Bleeping Computer Article: Avast and AVG Firefox Extensions Pulled from Mozilla

[The Sniggler]

Interesting piece today on Bleeping Computer that Mozilla removed Avast and AVG add ons due to possible tracking:

https://www.bleepingcomputer.com/news/software/avast-and-avg-firefox-extensions-pulled-from-mozilla-addons-site/

FYI

[DavidR]

See, https://forum.avast.com/index.php?topic=230801.msg1528082#msg1528082.

However, this statement I believe is inaccurate as far as I'm aware.

When Avast and AVG antivirus is installed, the software will also install their respective Firefox and Chrome extensions named Avast Online Security, AVG Online Security, Avast SafePrice, and AVG SafePrice.

The user is still in control over what they have avast install, I never install any of the browser add-ons as I have these covered in add-ons I already have installed.  The same is true of what main components the user allows to be installed by default.

Bleeping seems to a thorn in the ass about AVG & Avast.

[Patrick2]

Software if do a custom install, only installs as far as I know the shields you choose,  Though I also don't use Firefox or Chrome browsers on my systems lately,   been sticking with Microsoft Edge

[RejZoR]

Oh boy the idiotfest on Firefox Subreddit about this is astounding.
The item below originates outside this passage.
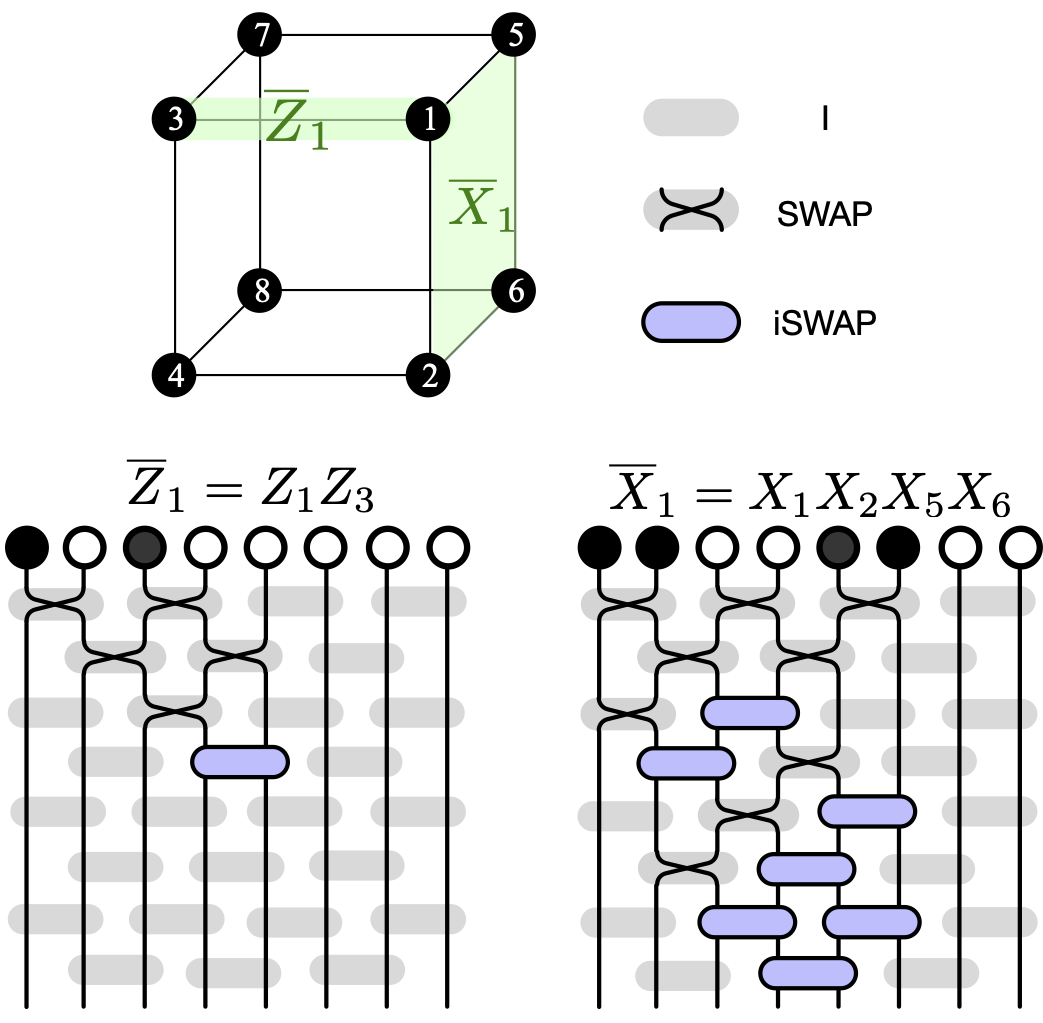 Designing Shadow Tomography Protocols by Natural Language Processing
If you praise Mozilla, upvotes will come. If you want to make reasonable statements and question decisions, downvotes will be made. Sigh.

[polonus]

Hi RejZoR,

Just scanned here to see what avast is collecting. Nothing out of the ordinary, the common google analytics as everybody does,
which is secure while the <<cookie sets the Secure flag to prevent its leaking if any of the pages loads mixed content >>

This however could be added to the settings for more security:
<<The page loads 3 third-party JavaScript files and 6 CSS but does not employ Sub-Resource Integrity to prevent breach if a third-party CDN is compromised>>. (as we do not want another data-breach, do we?  ).
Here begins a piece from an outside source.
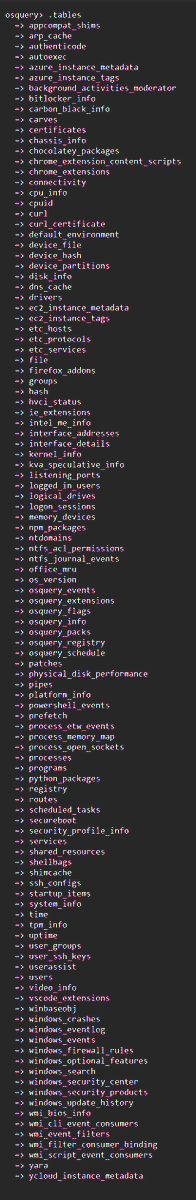 Guy Leech tweet media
See what the scan returned for the forums: https://webcookies.org/cookies/forum.avast.com/9115320

TLS score: C-Grade, capped due to 64-bit cipher (IDEA, RC2, DES or 3DES)

polonus (volunteer 3rd party cold recon website security analyst and website error-hunter)

P.S. For me they do not have to measure my site engagement for the forum site,
 it has been a steady full one hundred for well over thirteen years. 
Re: https://www.chromium.org/developers/design-documents/site-engagement

Damian

[jaje]

Also this:

https://thehackernews.com/2019/12/avast-and-avg-browser-plugins.html?m=1

[Tangy]

Not only
https://www.ghacks.net/2019/12/03/mozilla-removes-all-avast-firefox-extensions/
https://www.reddit.com/r/firefox/comments/e5p8a2/mozilla_removes_avast_and_avg_extensions_from/

[Asyn]

Avast-Statement: We have offered our Avast Online Security and SafePrice browser extensions for many years through the Mozilla store. Mozilla has recently updated its store policy and we are liaising with them in order to make the necessary adjustments to our extensions to align with new requirements. The Avast Online Security extension is a security tool that protects users online, including from infected websites and phishing attacks. It is necessary for this service to collect the URL history to deliver its expected functionality. Avast does this without collecting or storing a user's identification.

We have already implemented some of Mozilla's new requirements and will release further updated versions that are fully compliant and transparent per the new requirements. These will be available as usual in the Mozilla store in the near future.